Bicycle Therapeutics Presents Updated Clinical Results Across Oncology Pipeline at ESMO Congress 2024
Updated monotherapy data for Nectin-4 targeting zelenectide pevedotin in metastatic urothelial cancer (mUC) showed a promising 45% overall response rate (ORR), 11.1 months median duration of response and a generally well-tolerated safety profile
EphA2-targeting BT5528 demonstrated an emerging differentiated safety profile and antitumor activity in patients with advanced solid tumors, including a 45% ORR in mUC 6.5 mg/m2 every two weeksdose expansion cohort
Relatively low frequency and severity of treatment-related peripheral neuropathy following monotherapy with Bicycle Toxin Conjugates® zelenectide pevedotin and BT5528, with patients often able to continue therapy without modification
BT7480 demonstrated a favorable safety profile and preliminary antitumor activity in advanced Nectin-4-associated solid tumors
“We are pleased that the data presented at ESMO continue to support the promising response and differentiated safety profiles of our Bicycle molecules. Importantly, our lead investigational therapy zelenectide pevedotin continues to demonstrate an overall response rate that is in line with other drug conjugates used to treat metastatic urothelial cancer, but with a marked improvement in tolerability. Overall, we believe the data continue to demonstrate the potential of our Bicycle technology platform to create differentiated medicines designed to help patients not only to live longer but also to live well,” said
ESMO 2024 Data Highlights
Zelenectide pevedotin is a BTC® molecule targeting Nectin-4, a well-validated tumor antigen, designed to overcome the significant toxicity associated with other drug conjugate approaches. Updated results from the ongoing Phase 1/2 Duravelo-1 trial evaluating 5 mg/m2 weekly of zelenectide pevedotin monotherapy in 45 mUC patients who had not previously been treated with enfortumab vedotin showed:
- Among 38 efficacy-evaluable patients, a 45% overall response rate (ORR), including 1 confirmed complete response and 16 partial responses (13 confirmed). Stable disease was maintained in 9 patients, and 12 patients experienced progressive disease.
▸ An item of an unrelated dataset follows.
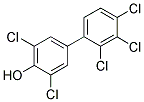 2',3,3',4',5-PENTACHLORO-4-BIPHENYLOL 结构式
- A median duration of response of 11.1 months among the 14 patients with confirmed responses.
- An emerging differentiated safety profile, particularly around adverse events of interest such as peripheral neuropathy, skin reactions and eye disorders. Notably, there were no Grade ≥3 treatment-related adverse events (TRAEs) of peripheral neuropathy (any kind), skin reactions or eye disorders, and patients with pre-existing peripheral neuropathy were unlikely to develop worsening peripheral neuropathy during treatment with zelenectide pevedotin.
The global Phase 2/3 Duravelo-2 registrational trial of zelenectide pevedotin in patients with mUC is currently enrolling. Additional data updates for zelenectide pevedotin in combination with pembrolizumab in first line mUC and monotherapy in late line triple-negative breast cancer and non-small cell lung cancer (NSCLC) are planned for later this year.
BT5528 is a BTC molecule targeting EphA2, a tumor antigen that is widely expressed in many cancers and has historically been difficult to target using other drug conjugate approaches. Updated results from the ongoing Phase 1/2 trial evaluating 6.5 mg/m2 every two weeks and 5 mg/m2 weekly of BT5528 monotherapy in patients with advanced solid tumors showed:
- Among 113 efficacy-evaluable patients, a 12% ORR in patients with advanced solid tumors.
- The highest anti-tumor activity in mUC, with a 34% ORR in all efficacy-evaluable patients enrolled in the dose escalation and expansion cohorts. Among patients receiving 6.5 mg/m2 every two weeks, a 31% ORR was observed in the dose escalation and expansion cohort and a 45% ORR was observed in the expansion cohort only. A lower but acceptable ORR of 27% was observed in patients receiving 5 mg/m2 weekly.
- No objective responses in patients with ovarian cancer who received 5 mg/m2 weekly. However, 5 patients maintained stable disease.
- A suggested correlation between EphA2 expression and response. Among 14 patients with mUC who had available immunohistochemistry and response data, a 43% ORR was observed in EphA2-positive patients compared to a 20% ORR in EphA2-negative patients.
- A clearly differentiated emerging safety profile, with none of the hemorrhage events or hematological toxicities that have been associated with other EphA2-targeting drug conjugates.
The company has begun assessing BT5528 at 6.5 mg/m2 every two weeks in combination with nivolumab. Results from this cohort are expected in 2025.
Low rates of treatment-related peripheral neuropathy (TRPN) following monotherapy treatment with BTC molecules zelenectide pevedotin or BT5528. In 149 patients treated with zelenectide pevedotin and 74 patients treated with BT5528 from ongoing Phase 1/2 studies, results showed:
- TRPN in 28% of patients treated with zelenectide pevedotin and 19% of patients treated with BT5528, nearly all of which were low grade (1-2). One Grade 3 event (neuralgia) was reported in a patient treated with zelenectide pevedotin following prior therapy with enfortumab vedotin. No Grade 3-4 events were observed for BT5528.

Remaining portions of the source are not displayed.